Hi, I just made a very simple attempt to fix the problem by ensuring that --enable-oid32 is handled and MONET_OID32 defined only with 64-bit builds (but ignored/unset otherwise); see also [ 1876580 ] Compile MonetDB on Darwin 9: failed by --enable-oid32 https://sourceforge.net/tracker/index.php?func=detail&aid=1876580&group_id=56967&atid=482468 If this works, we're fine. If not, we can go back to the previous situtation (before Fabian's changes in buildtools/conf/MonetDB.m4), i.e., --enable-bits is only handled on platform where it is known to work (incl. Darwin 8), while on other platforms (e.g., Darwin 9; or when using the Intel compiler), configure stops with the following advice: "case "$GCC-$CC-$host_os-$host-$bits" not handled with --enable-bits, yet; please use CC, CFLAGS and/or LDFLAGS (instead of --enable-bits=$bits) to make "$CC" produce $bits-bit code" (obviously with the variables replaced with the respective values...) Stefan On Tue, Jan 22, 2008 at 10:25:37AM +0100, Fabian Groffen wrote:
I just noticed http://article.gmane.org/gmane.comp.db.monetdb.devel/937
(3) Indeed, even though it does not make sense, we should not crash on "--enable-bits=32 --enable-oid32", but either (preferred) handle it correctly (e.g., by ignoring the latter in case the former holds (regardless of whether requested explicitly or simply by being the default)), or (at the very least) stop with a proper message saying that it is not required to specify the redundant information.
I would prefer to give a message that the redundant "--enable-oid32" has been discarded and continue.
I think the only "redundant" option here is --enable-bits. Simply because --enable-bits only works for GNU multilib compilers, but it doesn't check them, and also assumes every compiler to be a multilib compiler. I noticed so when I changed MonetDB.m4 for Jennie.

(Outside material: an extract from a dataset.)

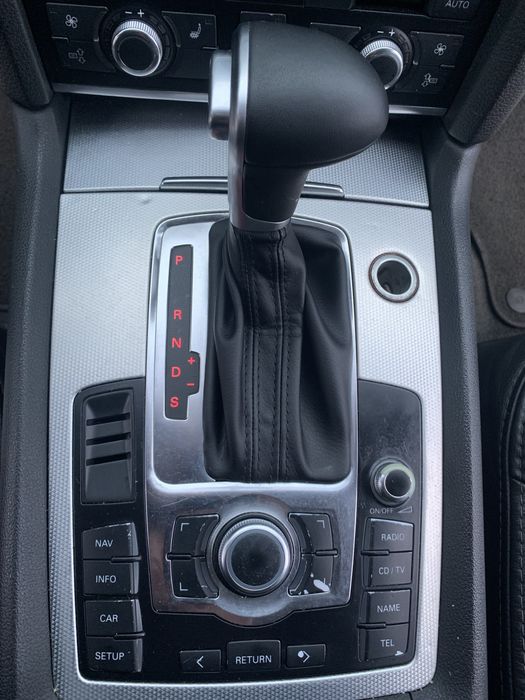 Продам Audi q7 3.0 tdi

The correct way to deal with multilib compilers is to leave it up to the user, e.g. set CC="gcc -m64" or CC="gcc64" or CHOST/CTARGET=xxx64-xx-xx. Having configure have a flag that switches on the -mX per magic is rather misleading, and from the auto* world's point of view something that should have happened outside. I guess we run the test for the flag early enough in the process such that all AC_COMPILE tests use the -mX flag, but still I think it would clean things up when the flag would disappear.
(I cannot reply on the thread, because I am not subscribed to the list/didn't receive the message.)